■ **What to work on**
Where a picture occurs in the data, omit it, and copy all remaining data exactly.

■ **Stored data**
──────
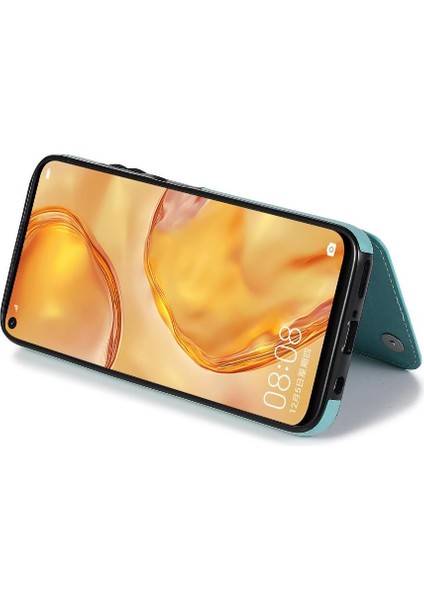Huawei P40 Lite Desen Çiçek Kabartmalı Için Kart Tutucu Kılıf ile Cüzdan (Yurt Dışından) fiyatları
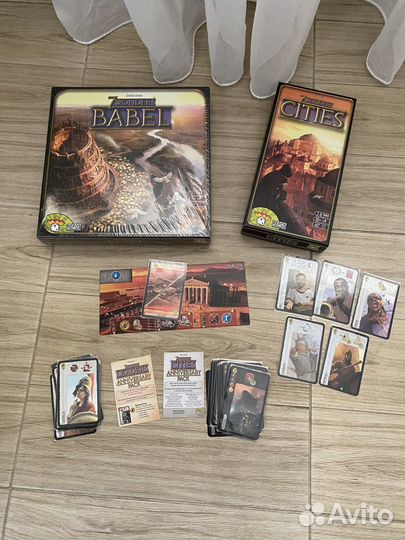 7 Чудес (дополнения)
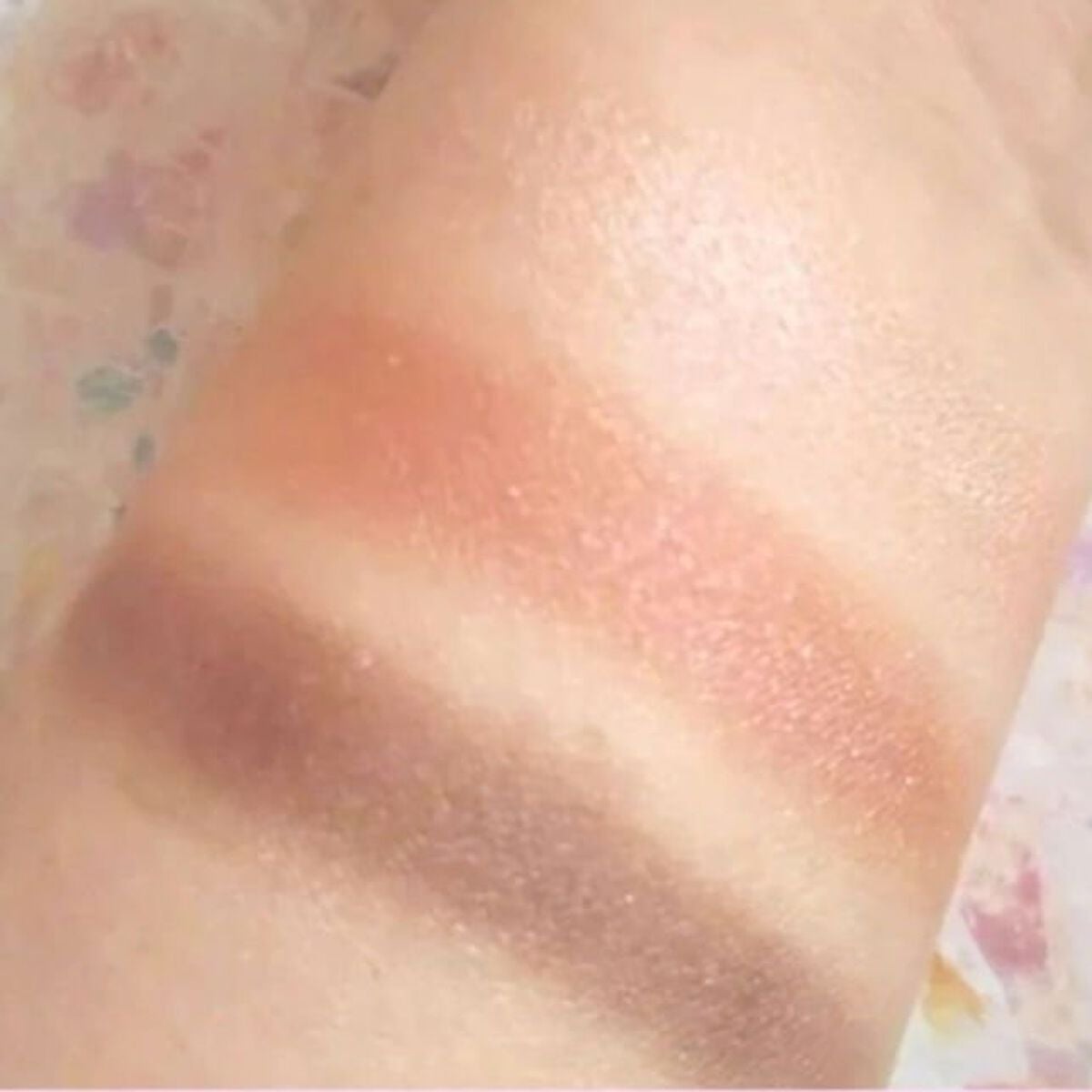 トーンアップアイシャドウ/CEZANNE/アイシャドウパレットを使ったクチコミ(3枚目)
──────
■ **Response to this task**
Huawei P40 Lite Desen Çiçek Kabartmalı Için Kart Tutucu Kılıf ile Cüzdan (Yurt Dışından) fiyatları
 7 Чудес (дополнения)
 トーンアップアイシャドウ/CEZANNE/アイシャドウパレットを使ったクチコミ(3枚目)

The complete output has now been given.